First High-resolution Spectroscopic Observations of an Erupting Prominence Within a Coronal Mass Ejection by the Interface Region Imaging Spectrograph (IRIS)

TL;DR

This paper presents the first high-resolution spectroscopic observations of a prominence eruption linked to a CME, revealing detailed plasma dynamics, structure, and line ratio diagnostics using IRIS data.

Contribution

It provides novel spectroscopic insights into the plasma properties and geometry of a CME-associated prominence eruption, including velocity components and line ratio correlations.

Findings

Maximum velocities of 1200 km/s (plane-of-sky) and 460 km/s (Doppler) observed.

Eruption shows a hollow, cone-shaped structure with unwinding helical motion.
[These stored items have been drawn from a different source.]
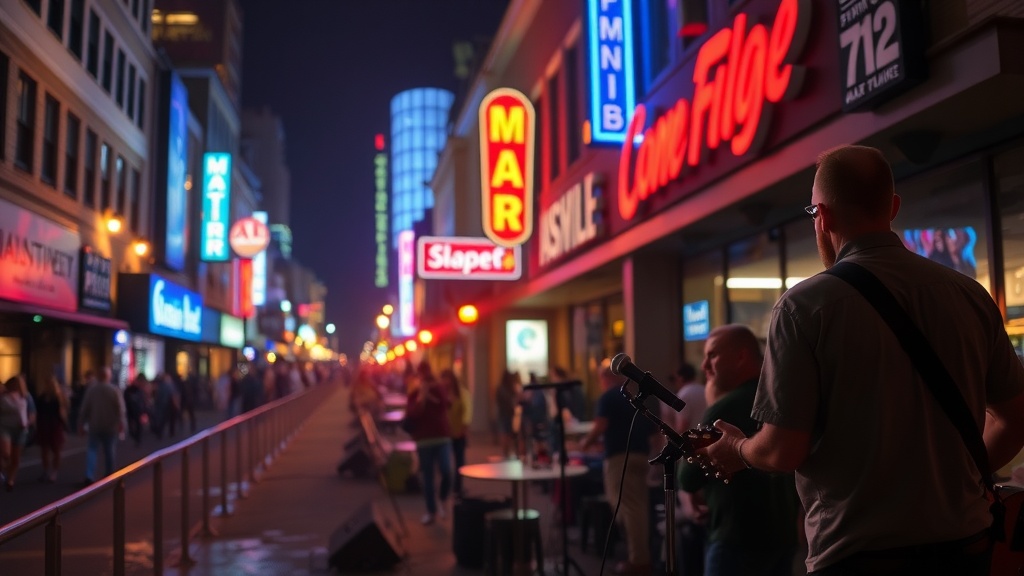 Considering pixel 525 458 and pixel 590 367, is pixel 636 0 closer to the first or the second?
pixel 525 458

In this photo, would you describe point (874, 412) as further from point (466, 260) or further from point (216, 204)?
point (216, 204)

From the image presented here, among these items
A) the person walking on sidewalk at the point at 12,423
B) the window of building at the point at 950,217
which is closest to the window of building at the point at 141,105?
the person walking on sidewalk at the point at 12,423

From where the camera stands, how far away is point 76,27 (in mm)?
18859

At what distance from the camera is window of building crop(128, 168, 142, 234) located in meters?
27.9

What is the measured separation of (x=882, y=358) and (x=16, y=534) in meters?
4.11

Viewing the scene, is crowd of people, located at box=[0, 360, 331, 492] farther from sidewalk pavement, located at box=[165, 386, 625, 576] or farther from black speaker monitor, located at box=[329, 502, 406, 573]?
black speaker monitor, located at box=[329, 502, 406, 573]

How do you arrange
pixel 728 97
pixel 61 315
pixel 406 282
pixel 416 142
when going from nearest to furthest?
pixel 728 97 < pixel 61 315 < pixel 406 282 < pixel 416 142

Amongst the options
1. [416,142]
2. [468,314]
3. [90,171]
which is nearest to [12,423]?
[468,314]

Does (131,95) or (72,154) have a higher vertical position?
(131,95)

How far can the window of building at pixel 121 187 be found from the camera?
25.5 metres

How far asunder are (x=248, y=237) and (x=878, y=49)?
35708 mm

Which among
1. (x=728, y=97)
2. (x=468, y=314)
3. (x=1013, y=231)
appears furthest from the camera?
(x=468, y=314)

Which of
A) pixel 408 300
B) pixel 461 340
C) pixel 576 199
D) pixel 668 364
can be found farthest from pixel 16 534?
pixel 408 300

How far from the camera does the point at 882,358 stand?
229 cm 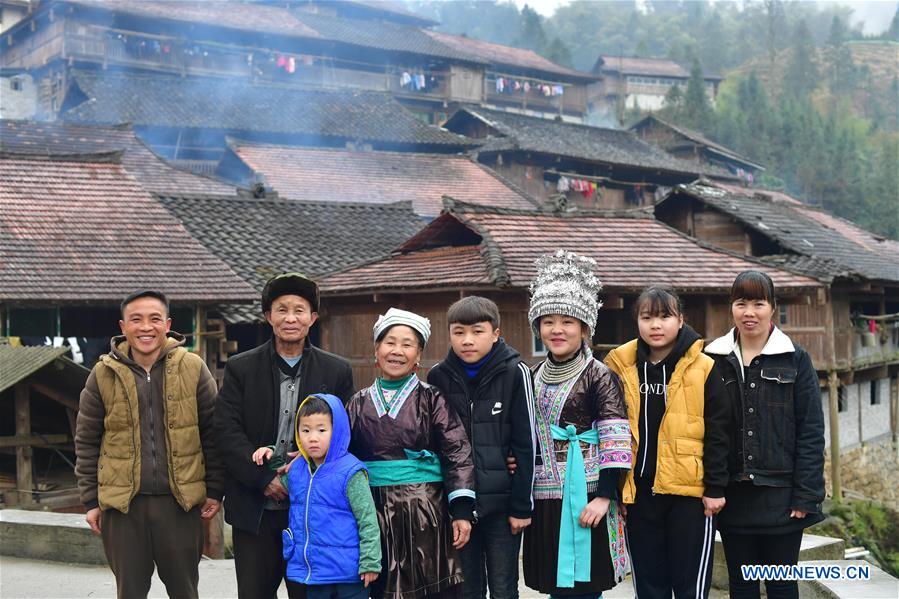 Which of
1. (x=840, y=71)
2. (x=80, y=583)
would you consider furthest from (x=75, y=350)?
(x=840, y=71)

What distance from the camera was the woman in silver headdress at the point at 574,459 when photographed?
A: 4.46 m

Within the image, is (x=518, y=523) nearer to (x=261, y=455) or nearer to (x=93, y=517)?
(x=261, y=455)

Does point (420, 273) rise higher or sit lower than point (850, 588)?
higher

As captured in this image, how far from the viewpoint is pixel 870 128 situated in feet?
215

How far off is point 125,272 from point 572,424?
33.9 ft

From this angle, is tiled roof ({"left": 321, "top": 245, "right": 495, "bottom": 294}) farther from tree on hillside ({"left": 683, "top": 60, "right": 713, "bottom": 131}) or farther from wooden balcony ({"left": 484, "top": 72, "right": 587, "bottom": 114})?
tree on hillside ({"left": 683, "top": 60, "right": 713, "bottom": 131})

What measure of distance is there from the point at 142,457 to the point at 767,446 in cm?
318

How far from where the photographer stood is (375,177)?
2706 cm

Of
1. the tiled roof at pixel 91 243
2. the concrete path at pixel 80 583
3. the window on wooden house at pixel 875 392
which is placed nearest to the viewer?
the concrete path at pixel 80 583

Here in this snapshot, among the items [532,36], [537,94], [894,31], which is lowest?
[537,94]

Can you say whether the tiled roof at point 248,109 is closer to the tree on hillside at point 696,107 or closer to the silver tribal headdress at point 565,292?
the tree on hillside at point 696,107

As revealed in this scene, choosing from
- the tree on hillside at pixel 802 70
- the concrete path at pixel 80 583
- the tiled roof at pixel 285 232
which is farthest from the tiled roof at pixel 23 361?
the tree on hillside at pixel 802 70

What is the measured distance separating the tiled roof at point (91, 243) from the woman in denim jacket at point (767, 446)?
980cm

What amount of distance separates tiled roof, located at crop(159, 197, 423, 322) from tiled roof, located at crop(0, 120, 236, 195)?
4.52m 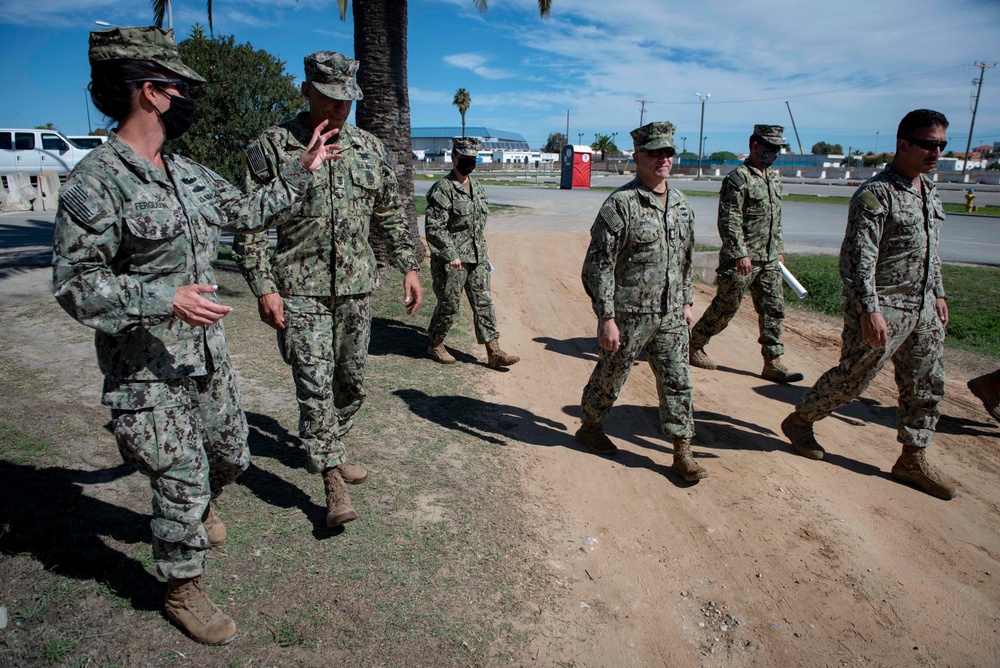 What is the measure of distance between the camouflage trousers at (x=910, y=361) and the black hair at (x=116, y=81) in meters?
4.36

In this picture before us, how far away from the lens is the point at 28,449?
3.91 metres

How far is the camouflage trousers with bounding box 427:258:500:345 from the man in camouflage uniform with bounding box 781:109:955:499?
3361mm

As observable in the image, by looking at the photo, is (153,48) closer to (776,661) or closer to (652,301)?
(652,301)

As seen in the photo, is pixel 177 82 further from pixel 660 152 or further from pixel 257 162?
pixel 660 152

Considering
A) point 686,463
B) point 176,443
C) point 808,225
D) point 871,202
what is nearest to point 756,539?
point 686,463

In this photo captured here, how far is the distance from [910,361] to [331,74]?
4.18 meters

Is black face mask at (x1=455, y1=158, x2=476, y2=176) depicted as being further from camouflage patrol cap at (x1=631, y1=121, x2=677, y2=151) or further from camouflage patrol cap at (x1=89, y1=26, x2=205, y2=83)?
camouflage patrol cap at (x1=89, y1=26, x2=205, y2=83)

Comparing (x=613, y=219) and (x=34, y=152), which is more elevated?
(x=34, y=152)

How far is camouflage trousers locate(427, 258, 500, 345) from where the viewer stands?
21.9 feet

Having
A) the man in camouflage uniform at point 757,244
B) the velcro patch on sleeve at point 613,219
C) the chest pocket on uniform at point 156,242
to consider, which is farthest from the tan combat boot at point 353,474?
the man in camouflage uniform at point 757,244

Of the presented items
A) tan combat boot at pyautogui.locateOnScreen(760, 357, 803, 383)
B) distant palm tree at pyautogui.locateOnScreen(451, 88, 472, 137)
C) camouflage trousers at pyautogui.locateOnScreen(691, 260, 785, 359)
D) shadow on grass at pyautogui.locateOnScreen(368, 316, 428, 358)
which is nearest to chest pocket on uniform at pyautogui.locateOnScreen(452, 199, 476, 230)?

Strong correlation between Mg II line ratio and Doppler velocity in fallback material.

Abstract

Spectroscopic observations of prominence eruptions associated with coronal mass ejections (CMEs), although relatively rare, can provide valuable plasma and 3D geometry diagnostics. We report the first observations by the Interface Region Imaging Spectrograph (IRIS) mission of a spectacular fast CME/prominence eruption associated with an equivalent X1.6 flare on 2014 May 9. The maximum plane-of-sky and Doppler velocities of the eruption are 1200 and 460 km/s, respectively. There are two eruption components separated by ~200 km/s in Doppler velocity: a primary, bright component and a secondary, faint component, suggesting a hollow, rather than solid, cone-shaped distribution of material. The eruption involves a left-handed helical structure undergoing counter-clockwise (viewed top-down) unwinding motion. There is a temporal evolution from upward eruption to downward fallback with less-than-free-fall speeds and decreasing nonthermal line widths. We find a wide range of Mg II k/h line intensity ratios (less than ~2 expected for optically-thin thermal emission): the lowest ever-reported median value of 1.17 found in the fallback material and a comparably high value of 1.63 in nearby coronal rain and intermediate values of 1.53 and 1.41 in the two eruption components. The fallback material exhibits a strong ($> 5 \sigma$) linear correlation between the k/h ratio and the Doppler velocity as well as the line intensity. We demonstrate that Doppler dimming of scattered chromospheric emission by the erupted material can potentially explain such characteristics.